The two leaders discussed a number of technical issues related to Ukraine’s rapprochement with the European Union.
“These are practical steps for Ukraine’s integration into the EU, which will strengthen both sides and help us defeat the enemy,” Chmygal said on Telegram.
Ms von der Leyen said on Saturday to journalists, including AFP, who were accompanying her on her trip: “I’m back in Kyiv (…) We will take stock of the joint work that is necessary for the reconstruction and progress of Ukraine is the way to Europe”.
Ukraine is demanding a concrete “legal commitment” from Europeans by the end of June to receive official candidate status for EU accession, but the 27 are still very divided on the issue at this point.

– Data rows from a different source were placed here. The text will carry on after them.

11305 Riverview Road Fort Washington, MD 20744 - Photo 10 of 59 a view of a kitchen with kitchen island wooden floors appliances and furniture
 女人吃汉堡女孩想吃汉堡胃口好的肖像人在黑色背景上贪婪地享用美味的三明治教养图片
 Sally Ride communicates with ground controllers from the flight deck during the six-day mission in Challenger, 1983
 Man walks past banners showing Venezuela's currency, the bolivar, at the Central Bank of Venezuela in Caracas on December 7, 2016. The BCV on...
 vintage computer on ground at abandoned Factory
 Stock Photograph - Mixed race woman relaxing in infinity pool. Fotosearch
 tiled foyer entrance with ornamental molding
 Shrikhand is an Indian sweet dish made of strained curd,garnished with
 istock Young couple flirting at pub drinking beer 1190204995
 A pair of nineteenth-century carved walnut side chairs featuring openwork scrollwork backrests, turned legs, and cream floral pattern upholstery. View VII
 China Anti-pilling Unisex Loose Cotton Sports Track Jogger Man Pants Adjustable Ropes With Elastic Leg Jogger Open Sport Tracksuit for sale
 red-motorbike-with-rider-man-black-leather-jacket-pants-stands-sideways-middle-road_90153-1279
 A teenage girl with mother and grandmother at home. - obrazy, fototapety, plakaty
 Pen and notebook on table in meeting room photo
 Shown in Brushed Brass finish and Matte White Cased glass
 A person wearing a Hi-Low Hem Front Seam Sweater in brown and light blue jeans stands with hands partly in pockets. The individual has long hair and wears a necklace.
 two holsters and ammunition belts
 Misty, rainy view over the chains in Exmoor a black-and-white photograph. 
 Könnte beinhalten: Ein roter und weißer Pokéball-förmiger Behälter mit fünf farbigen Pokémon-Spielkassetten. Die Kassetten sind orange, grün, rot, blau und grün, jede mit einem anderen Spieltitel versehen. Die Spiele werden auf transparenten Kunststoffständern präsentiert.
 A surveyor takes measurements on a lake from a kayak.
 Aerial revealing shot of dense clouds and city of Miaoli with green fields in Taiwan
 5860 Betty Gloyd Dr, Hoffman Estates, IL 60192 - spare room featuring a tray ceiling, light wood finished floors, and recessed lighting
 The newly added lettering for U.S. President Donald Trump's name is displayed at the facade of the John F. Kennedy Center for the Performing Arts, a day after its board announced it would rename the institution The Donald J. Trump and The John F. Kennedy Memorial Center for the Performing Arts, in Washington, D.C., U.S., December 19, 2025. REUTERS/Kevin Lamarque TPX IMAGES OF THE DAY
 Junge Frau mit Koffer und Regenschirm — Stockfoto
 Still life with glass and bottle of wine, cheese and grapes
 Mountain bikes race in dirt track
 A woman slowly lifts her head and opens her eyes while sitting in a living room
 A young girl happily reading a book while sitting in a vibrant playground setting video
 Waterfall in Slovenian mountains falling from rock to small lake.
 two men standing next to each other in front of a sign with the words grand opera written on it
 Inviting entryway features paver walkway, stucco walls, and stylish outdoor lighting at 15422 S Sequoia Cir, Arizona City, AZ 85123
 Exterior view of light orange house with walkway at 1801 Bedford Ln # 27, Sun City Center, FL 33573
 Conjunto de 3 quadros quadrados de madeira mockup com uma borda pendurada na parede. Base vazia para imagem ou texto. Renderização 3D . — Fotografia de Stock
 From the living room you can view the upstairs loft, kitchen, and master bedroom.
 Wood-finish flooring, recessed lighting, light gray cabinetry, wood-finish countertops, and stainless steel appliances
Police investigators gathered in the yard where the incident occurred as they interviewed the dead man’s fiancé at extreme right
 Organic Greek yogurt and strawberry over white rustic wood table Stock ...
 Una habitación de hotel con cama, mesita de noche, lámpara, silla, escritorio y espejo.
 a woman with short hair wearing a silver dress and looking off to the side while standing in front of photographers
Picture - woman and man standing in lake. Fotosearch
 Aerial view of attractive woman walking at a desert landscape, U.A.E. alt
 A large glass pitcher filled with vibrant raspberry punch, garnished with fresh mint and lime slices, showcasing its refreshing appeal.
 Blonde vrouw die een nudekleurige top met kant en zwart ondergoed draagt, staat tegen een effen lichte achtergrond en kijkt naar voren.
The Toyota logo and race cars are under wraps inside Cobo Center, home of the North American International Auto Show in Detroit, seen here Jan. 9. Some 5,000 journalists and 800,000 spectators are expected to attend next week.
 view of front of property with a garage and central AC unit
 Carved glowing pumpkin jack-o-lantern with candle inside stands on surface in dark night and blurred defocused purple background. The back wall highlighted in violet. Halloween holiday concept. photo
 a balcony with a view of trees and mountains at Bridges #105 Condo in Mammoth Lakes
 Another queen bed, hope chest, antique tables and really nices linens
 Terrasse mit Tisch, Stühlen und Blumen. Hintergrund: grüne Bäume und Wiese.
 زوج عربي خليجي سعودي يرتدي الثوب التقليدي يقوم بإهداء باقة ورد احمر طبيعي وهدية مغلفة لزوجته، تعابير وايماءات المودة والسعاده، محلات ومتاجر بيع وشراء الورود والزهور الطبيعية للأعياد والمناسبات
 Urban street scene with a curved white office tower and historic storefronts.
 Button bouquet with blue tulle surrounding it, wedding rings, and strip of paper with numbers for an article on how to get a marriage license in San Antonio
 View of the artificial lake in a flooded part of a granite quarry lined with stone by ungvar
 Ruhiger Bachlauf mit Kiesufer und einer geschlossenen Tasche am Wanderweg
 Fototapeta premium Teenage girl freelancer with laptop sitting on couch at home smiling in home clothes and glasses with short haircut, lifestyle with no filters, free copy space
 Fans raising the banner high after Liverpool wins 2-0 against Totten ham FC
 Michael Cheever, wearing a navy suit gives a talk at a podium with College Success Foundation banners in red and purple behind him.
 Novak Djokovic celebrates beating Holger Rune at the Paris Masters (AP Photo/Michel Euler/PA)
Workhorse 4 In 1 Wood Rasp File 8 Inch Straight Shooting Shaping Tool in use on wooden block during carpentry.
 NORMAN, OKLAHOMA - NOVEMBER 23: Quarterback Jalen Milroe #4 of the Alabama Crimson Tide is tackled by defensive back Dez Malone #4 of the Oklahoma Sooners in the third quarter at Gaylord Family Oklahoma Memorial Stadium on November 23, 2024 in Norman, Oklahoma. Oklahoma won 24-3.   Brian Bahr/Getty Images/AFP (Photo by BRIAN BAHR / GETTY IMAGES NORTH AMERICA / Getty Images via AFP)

While many countries, especially in Eastern Europe, support Ukraine’s membership, some, such as the Netherlands or Denmark, but also Germany and France, which will hold the EU presidency until the end of June, are more reluctant.
And even if Ukraine achieves “candidate” status, it will set in motion a process of negotiations and possible reforms that could take years, if not decades, before it is on the verge of EU accession. Several EU states have thus showered on Kiev’s hopes for an “accelerated” process.
During her last visit on April 8, Ursula von der Leyen assured that Ukraine has a “European future”.